What the exercise asks -
Starting at the line that contains "Butterfly Hoop Earrings" and stopping at the line that contains "Teddys Rothenburg Kuscheltier", transcribe every line of the material below exactly; pictures stay out.

Source data -
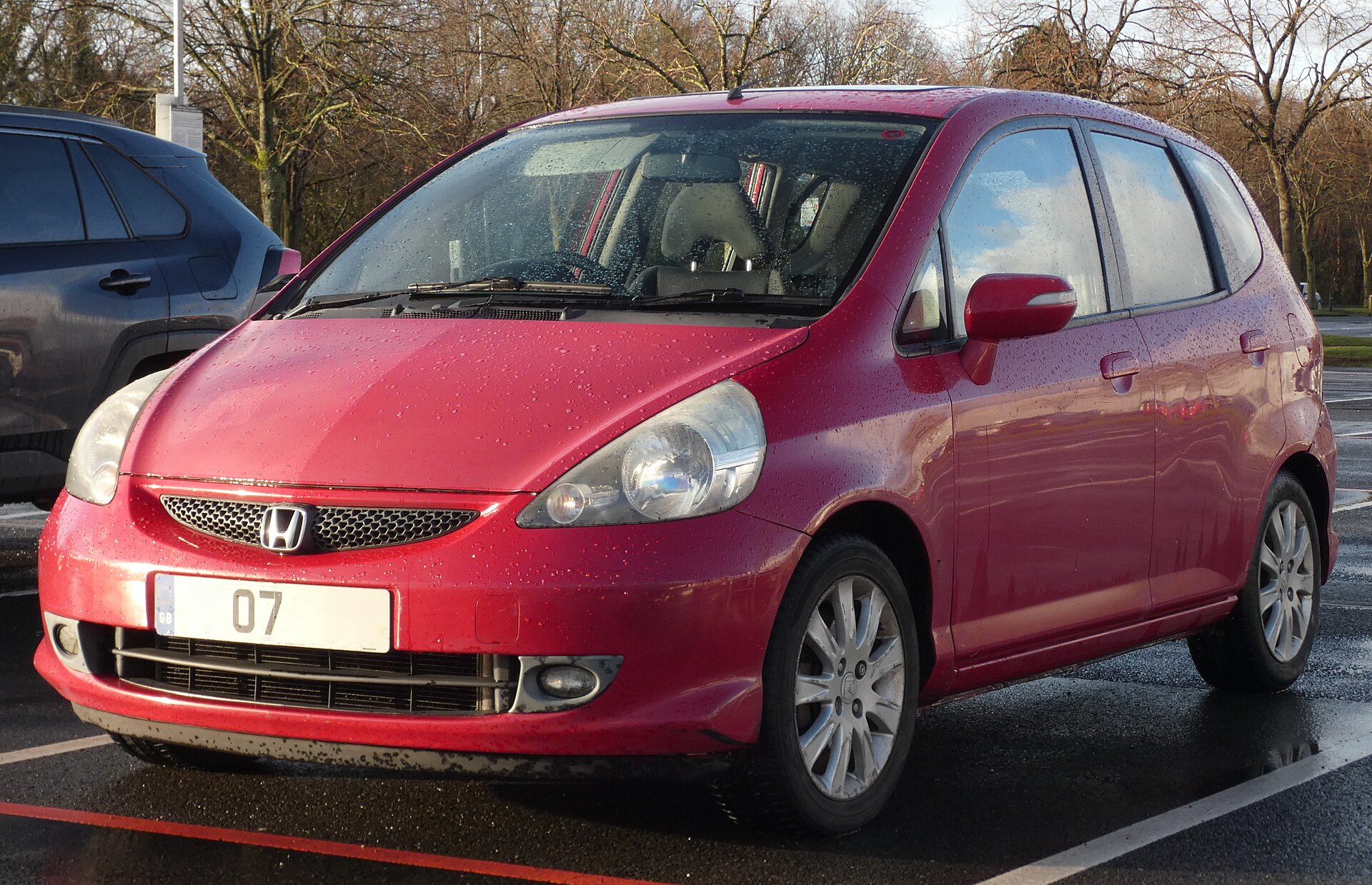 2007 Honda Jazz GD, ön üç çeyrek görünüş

==

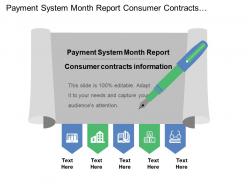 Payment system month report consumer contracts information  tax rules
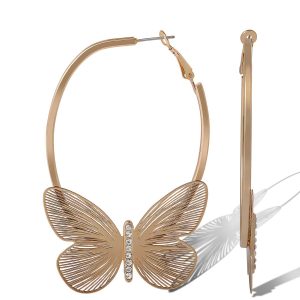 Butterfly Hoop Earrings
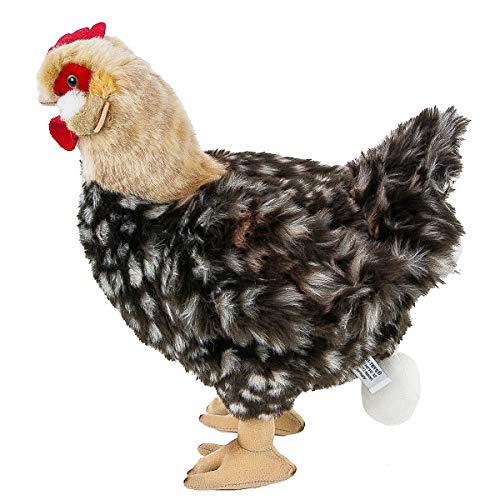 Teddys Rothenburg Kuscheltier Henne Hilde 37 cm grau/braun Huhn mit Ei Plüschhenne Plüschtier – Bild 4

Result below -
 Butterfly Hoop Earrings
 Teddys Rothenburg Kuscheltier Henne Hilde 37 cm grau/braun Huhn mit Ei Plüschhenne Plüschtier – Bild 4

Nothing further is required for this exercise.